● RAW DATA:
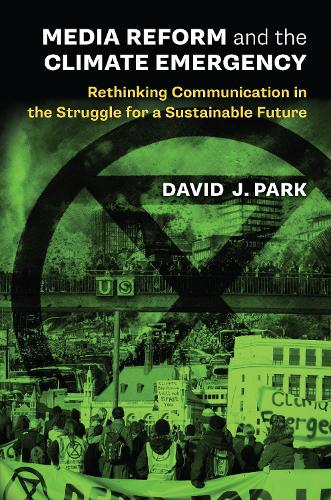 Media Reform and the Climate Emergency: Rethinking Communication in the Struggle for a Sustainable Future.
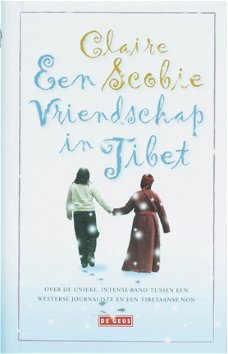 Claire Scobie  -  Een Vriendschap In Tibet  (Hardcover/Gebonden)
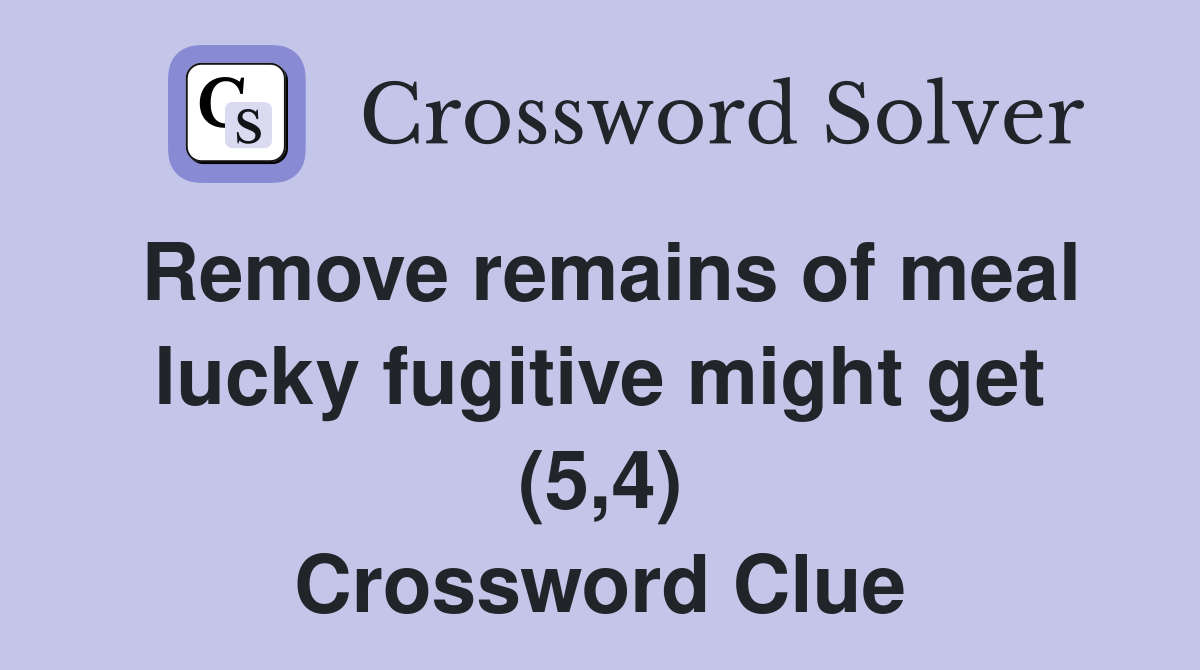 Remove remains of meal lucky fugitive might get (5,4) Crossword Clue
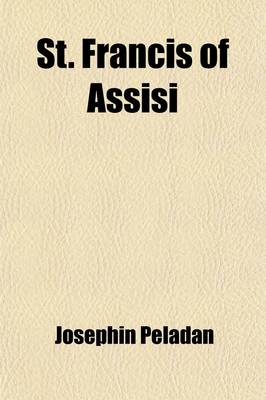 Book cover for St. Francis of Assisi; A Play in Five Acts by J. A. Peladan. Tr. and Adapted by Harold John Massingham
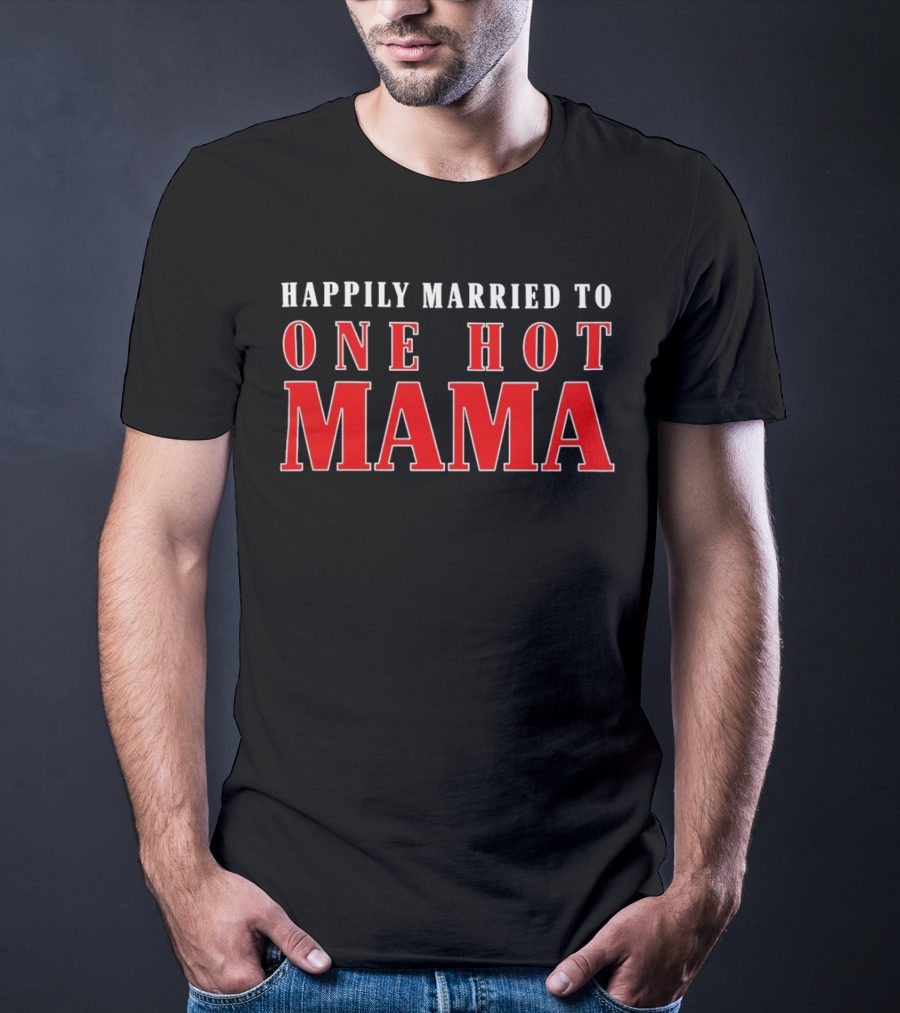 Happily Married To One Hot Mama T-Shirt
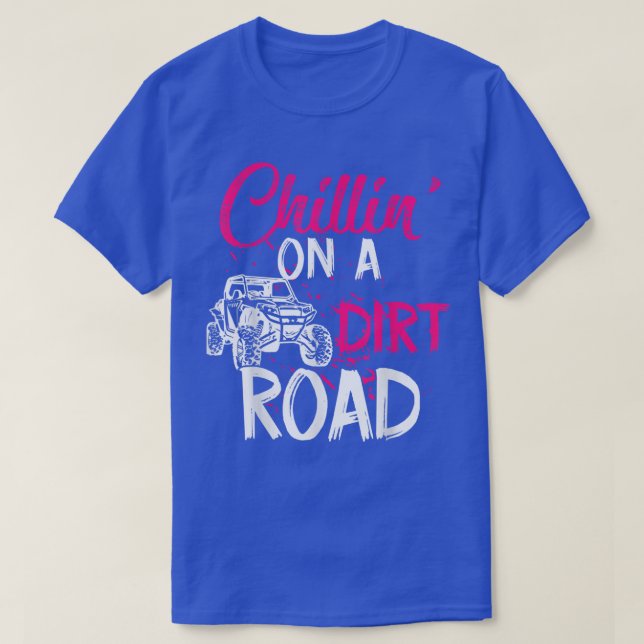 UTV Girls Chillin On Dirt Road SXS Side By Side Fu T-Shirt (Design Front)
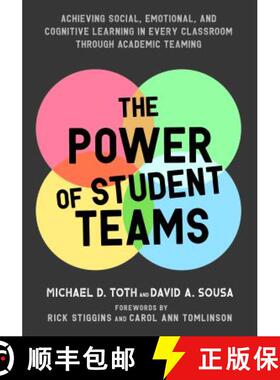 预订 The Power of Student Teams: Achieving Social, Emotional, and Cognitive Learning in Every Classro... [9781943920655]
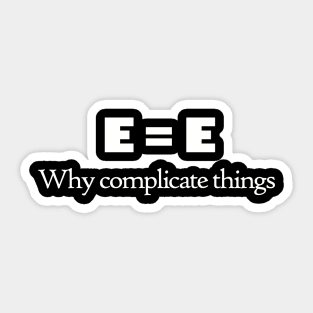 E = E Sticker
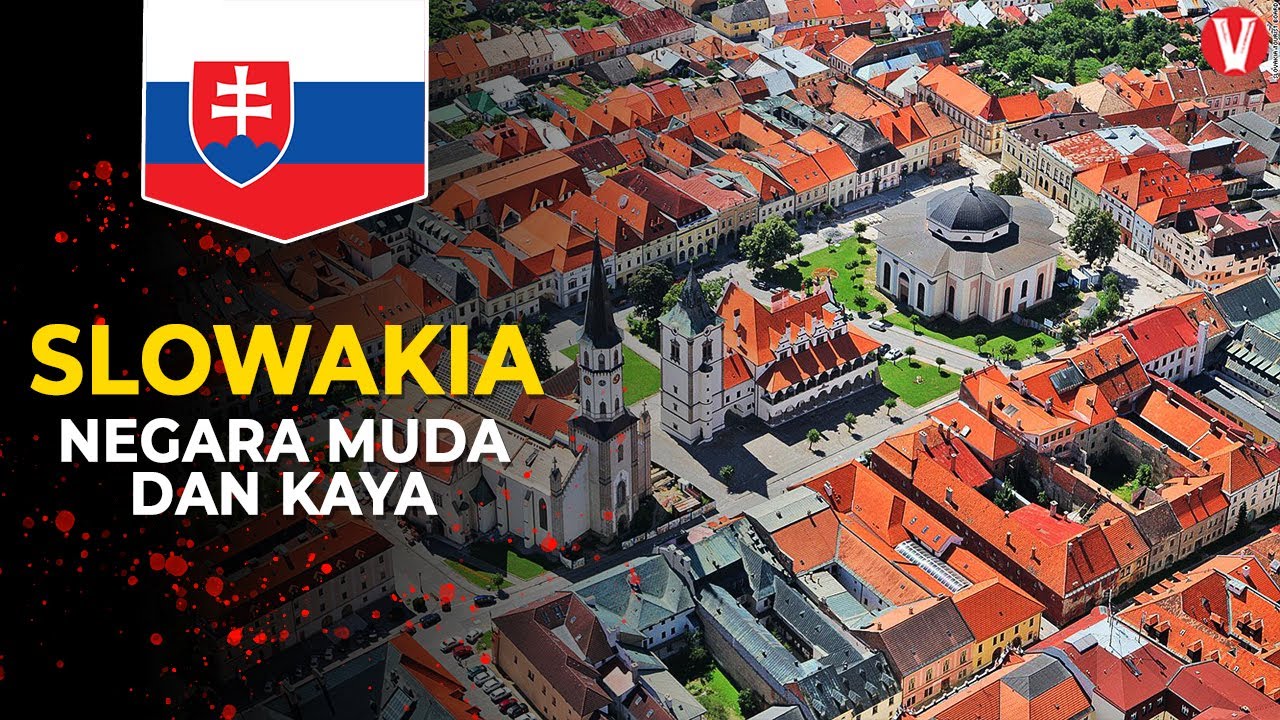 Salah satu Negara Termuda yang MAJU, Inilah Negara Slowakia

● TASK DETAILS:
When you return the listing, keep it exact and omit any pictures it holds.

● RESULT:
 Media Reform and the Climate Emergency: Rethinking Communication in the Struggle for a Sustainable Future.
 Claire Scobie  -  Een Vriendschap In Tibet  (Hardcover/Gebonden)
 Remove remains of meal lucky fugitive might get (5,4) Crossword Clue
 Book cover for St. Francis of Assisi; A Play in Five Acts by J. A. Peladan. Tr. and Adapted by Harold John Massingham
 Happily Married To One Hot Mama T-Shirt
 UTV Girls Chillin On Dirt Road SXS Side By Side Fu T-Shirt (Design Front)
 预订 The Power of Student Teams: Achieving Social, Emotional, and Cognitive Learning in Every Classro... [9781943920655]
 E = E Sticker
 Salah satu Negara Termuda yang MAJU, Inilah Negara Slowakia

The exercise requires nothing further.